Aug. 11 (UPI) -- Singer and guitarist Trini Lopez, most known for his 1960s recordings of "If I Had a Hammer" and "Lemon Tree" died on Tuesday of complications from COVID-19. He was 83.
Lopez died Tuesday in a hospital in Palm Springs, Calif., Joe Chavira, his songwriting and business partner, told The Hollywood Reporter.
Lopez was born Trinidad Lopez III in Dallas, to Mexican immigrants and began playing in bands at the age of 15.
His group Big Beats signed with Columbia Records in 1958 and he later went solo and signed his own deal with King Records in 1962. Lopez was later discovered by Frank Sinatra during a residency at Los Angeles nightclub PJ's and signed to his label Reprise Records in 1963.

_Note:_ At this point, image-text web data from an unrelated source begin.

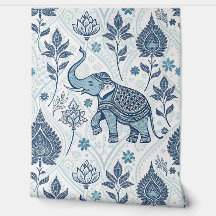 Thais patroon met pastelkleurige olifant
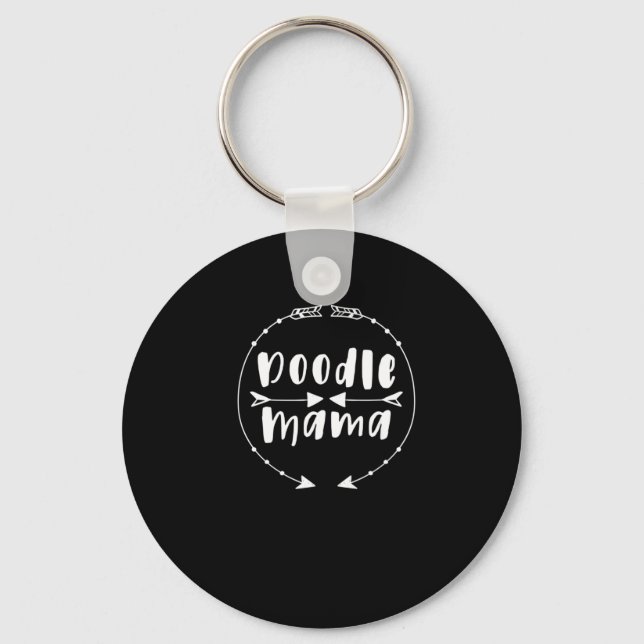 Doodle Mama T-Shirt Golden Doodle Mom Labradoodle Keychain (Front)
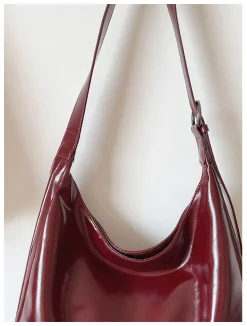 Elena Handbags Simple Leather Tote Bag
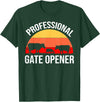 Opener Cow Lover Gift Co. Professional Gate Opener Cow Apparel T-Shirt - Dark Green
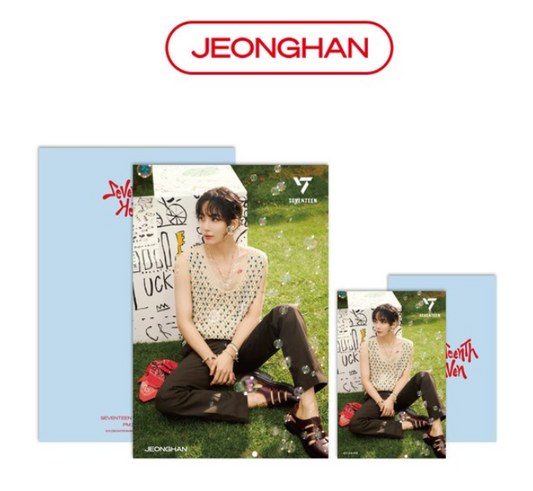 KPOP SEVENTEEN JEONGHAN, HEAVEN PM 2:14 Ver. - Lenticulair ansichtkaart & Mini Kaart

Lopez's debut album "Trini Lopez at PJ's" featured a cover of, "If I Had a Hammer" that topped charts in multiple countries and reached No. 3 in the United States. His rendition of "Lemon Tree" also reached No. 20 in the U.S. in 1965.
Throughout his career, Lopez recorded more than 60 albums played a headlining show in Las Vegas and appeared in the 1967 film The Dirty Dozen.
A documentary about his life titled My Name Is Lopez is in postproduction.